**Problem to solve:**
Output only the lines of the entries that follow, starting at the one with "فروش فوری مبل" and running down to the one with "Gucci shoulder bag. - Picture 5 of 5", both included and unchanged.

Stored data
Content starts

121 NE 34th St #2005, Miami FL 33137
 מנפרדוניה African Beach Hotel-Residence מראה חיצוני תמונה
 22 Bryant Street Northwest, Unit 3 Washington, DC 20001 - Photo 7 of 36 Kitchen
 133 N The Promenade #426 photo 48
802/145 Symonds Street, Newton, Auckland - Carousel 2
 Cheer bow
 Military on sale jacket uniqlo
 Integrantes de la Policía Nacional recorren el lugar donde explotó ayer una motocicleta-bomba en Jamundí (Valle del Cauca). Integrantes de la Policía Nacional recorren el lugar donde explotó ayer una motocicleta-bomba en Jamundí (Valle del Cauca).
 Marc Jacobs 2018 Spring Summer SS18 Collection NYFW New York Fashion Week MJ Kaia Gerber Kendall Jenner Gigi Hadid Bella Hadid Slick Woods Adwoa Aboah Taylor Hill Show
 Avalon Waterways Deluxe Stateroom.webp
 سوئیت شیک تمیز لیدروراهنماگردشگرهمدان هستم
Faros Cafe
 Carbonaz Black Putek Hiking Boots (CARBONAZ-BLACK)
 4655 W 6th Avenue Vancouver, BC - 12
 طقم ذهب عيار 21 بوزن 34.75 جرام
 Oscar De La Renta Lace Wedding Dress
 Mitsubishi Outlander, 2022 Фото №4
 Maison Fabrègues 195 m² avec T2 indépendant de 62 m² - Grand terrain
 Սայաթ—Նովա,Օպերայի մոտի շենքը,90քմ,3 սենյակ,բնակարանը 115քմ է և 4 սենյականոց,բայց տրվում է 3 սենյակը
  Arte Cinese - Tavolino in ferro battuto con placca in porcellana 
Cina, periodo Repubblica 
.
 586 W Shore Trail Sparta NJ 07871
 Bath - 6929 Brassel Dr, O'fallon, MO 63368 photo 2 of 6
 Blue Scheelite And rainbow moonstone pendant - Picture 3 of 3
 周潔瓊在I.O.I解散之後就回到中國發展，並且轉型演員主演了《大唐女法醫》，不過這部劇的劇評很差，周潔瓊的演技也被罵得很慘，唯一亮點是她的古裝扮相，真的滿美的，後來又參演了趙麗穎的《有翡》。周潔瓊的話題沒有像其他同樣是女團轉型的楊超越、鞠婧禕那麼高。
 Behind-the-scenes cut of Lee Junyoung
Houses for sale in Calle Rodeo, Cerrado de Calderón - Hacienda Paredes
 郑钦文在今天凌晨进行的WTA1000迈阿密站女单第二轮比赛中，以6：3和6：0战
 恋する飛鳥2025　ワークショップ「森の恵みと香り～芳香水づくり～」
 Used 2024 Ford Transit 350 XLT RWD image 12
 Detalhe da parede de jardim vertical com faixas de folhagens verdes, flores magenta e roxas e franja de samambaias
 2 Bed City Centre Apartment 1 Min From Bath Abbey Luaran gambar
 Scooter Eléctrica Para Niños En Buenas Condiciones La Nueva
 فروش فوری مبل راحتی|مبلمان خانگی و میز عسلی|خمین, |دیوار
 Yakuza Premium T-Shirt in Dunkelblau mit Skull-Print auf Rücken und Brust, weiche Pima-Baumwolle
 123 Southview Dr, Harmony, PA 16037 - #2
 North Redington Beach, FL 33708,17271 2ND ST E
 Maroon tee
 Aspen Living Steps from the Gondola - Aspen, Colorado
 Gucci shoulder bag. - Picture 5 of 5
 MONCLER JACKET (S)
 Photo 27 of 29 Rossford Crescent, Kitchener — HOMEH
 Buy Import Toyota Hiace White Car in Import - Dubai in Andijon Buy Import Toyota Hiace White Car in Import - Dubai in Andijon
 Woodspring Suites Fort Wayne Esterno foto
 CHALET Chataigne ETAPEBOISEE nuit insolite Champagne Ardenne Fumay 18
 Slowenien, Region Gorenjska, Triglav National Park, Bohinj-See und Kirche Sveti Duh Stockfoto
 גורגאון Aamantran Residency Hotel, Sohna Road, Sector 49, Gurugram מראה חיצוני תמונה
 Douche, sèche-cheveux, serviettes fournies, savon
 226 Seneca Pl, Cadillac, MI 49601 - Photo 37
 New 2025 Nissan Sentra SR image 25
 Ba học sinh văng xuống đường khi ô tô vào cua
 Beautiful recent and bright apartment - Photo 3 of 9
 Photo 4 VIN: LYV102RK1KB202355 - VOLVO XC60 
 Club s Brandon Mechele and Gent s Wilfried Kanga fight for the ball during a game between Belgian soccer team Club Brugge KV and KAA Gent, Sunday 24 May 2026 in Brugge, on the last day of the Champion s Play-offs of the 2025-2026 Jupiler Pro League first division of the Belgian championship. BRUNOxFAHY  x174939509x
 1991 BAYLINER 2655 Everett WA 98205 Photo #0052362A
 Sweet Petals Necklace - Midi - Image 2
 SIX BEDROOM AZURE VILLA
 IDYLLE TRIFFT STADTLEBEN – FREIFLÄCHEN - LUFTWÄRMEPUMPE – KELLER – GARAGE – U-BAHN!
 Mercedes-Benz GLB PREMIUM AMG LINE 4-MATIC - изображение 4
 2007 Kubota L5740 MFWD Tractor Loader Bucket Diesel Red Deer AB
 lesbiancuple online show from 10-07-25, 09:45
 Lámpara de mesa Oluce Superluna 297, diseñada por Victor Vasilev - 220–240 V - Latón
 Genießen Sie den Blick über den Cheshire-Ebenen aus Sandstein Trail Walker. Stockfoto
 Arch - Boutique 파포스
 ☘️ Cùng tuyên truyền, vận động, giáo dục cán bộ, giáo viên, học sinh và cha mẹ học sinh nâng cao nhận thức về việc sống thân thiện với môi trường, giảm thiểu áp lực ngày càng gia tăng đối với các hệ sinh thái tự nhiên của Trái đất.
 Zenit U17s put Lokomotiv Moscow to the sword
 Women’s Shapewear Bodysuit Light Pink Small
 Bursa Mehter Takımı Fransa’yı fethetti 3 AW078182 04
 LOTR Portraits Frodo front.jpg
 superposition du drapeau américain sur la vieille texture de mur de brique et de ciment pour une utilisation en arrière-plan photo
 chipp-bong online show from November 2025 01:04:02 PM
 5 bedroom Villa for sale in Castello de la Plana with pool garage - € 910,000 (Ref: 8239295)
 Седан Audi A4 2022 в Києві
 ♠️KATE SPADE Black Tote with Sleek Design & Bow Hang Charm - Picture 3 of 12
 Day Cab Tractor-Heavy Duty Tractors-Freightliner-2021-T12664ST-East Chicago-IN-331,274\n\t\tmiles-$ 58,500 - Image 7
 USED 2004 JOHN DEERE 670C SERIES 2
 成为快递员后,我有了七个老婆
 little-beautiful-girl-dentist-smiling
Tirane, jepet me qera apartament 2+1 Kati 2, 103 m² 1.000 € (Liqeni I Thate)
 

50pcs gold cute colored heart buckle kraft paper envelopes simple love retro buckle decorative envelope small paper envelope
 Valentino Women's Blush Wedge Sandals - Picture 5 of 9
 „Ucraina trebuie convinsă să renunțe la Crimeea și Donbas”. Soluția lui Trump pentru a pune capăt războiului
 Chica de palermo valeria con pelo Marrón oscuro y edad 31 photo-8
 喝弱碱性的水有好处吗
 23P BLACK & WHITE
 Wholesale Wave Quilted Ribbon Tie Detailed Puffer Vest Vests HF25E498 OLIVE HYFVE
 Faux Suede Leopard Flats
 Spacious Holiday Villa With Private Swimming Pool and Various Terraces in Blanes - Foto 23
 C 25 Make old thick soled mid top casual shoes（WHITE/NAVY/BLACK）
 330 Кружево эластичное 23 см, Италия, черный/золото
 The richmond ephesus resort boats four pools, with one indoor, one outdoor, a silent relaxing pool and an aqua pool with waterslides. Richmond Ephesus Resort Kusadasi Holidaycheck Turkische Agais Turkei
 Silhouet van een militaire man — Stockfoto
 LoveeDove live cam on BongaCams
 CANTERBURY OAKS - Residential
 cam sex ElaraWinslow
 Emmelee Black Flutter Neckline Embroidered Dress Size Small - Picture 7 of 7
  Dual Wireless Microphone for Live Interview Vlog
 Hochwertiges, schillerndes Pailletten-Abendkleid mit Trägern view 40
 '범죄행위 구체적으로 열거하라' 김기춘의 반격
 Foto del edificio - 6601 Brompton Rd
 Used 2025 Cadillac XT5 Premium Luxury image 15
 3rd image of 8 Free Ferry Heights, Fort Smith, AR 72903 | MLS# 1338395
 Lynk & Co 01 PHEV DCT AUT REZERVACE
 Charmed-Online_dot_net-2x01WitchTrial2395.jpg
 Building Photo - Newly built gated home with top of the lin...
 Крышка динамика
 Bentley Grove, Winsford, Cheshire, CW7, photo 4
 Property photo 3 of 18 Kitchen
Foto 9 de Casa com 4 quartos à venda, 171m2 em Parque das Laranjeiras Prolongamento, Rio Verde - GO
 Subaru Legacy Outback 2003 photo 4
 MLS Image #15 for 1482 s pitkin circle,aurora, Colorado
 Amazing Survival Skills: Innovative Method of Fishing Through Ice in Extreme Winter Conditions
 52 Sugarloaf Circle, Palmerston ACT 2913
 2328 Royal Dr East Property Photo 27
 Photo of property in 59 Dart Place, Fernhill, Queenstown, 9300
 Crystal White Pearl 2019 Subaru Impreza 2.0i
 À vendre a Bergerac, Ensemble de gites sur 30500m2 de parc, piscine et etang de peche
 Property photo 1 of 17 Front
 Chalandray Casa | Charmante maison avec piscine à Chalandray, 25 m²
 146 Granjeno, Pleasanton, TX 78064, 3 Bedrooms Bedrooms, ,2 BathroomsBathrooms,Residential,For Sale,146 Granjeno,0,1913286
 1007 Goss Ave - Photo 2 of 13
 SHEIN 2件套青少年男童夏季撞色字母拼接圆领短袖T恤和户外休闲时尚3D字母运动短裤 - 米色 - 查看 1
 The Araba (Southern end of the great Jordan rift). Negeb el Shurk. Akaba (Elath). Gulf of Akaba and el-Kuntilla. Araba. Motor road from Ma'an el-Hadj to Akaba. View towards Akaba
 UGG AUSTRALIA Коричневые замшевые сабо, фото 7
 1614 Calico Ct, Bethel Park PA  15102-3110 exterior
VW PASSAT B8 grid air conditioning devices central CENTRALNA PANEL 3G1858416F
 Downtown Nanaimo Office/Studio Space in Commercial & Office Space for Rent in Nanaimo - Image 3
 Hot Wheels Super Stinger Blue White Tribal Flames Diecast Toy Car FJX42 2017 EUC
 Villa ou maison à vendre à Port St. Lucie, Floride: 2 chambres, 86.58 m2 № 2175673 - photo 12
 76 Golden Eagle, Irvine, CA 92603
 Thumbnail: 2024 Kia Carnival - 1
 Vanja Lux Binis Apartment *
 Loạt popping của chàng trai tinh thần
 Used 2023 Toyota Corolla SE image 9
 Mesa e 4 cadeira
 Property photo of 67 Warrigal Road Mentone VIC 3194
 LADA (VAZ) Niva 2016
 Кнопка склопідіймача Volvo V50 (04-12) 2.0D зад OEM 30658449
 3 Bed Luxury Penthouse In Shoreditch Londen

Content ends

**Response box:**
 فروش فوری مبل راحتی|مبلمان خانگی و میز عسلی|خمین, |دیوار
 Yakuza Premium T-Shirt in Dunkelblau mit Skull-Print auf Rücken und Brust, weiche Pima-Baumwolle
 123 Southview Dr, Harmony, PA 16037 - #2
 North Redington Beach, FL 33708,17271 2ND ST E
 Maroon tee
 Aspen Living Steps from the Gondola - Aspen, Colorado
 Gucci shoulder bag. - Picture 5 of 5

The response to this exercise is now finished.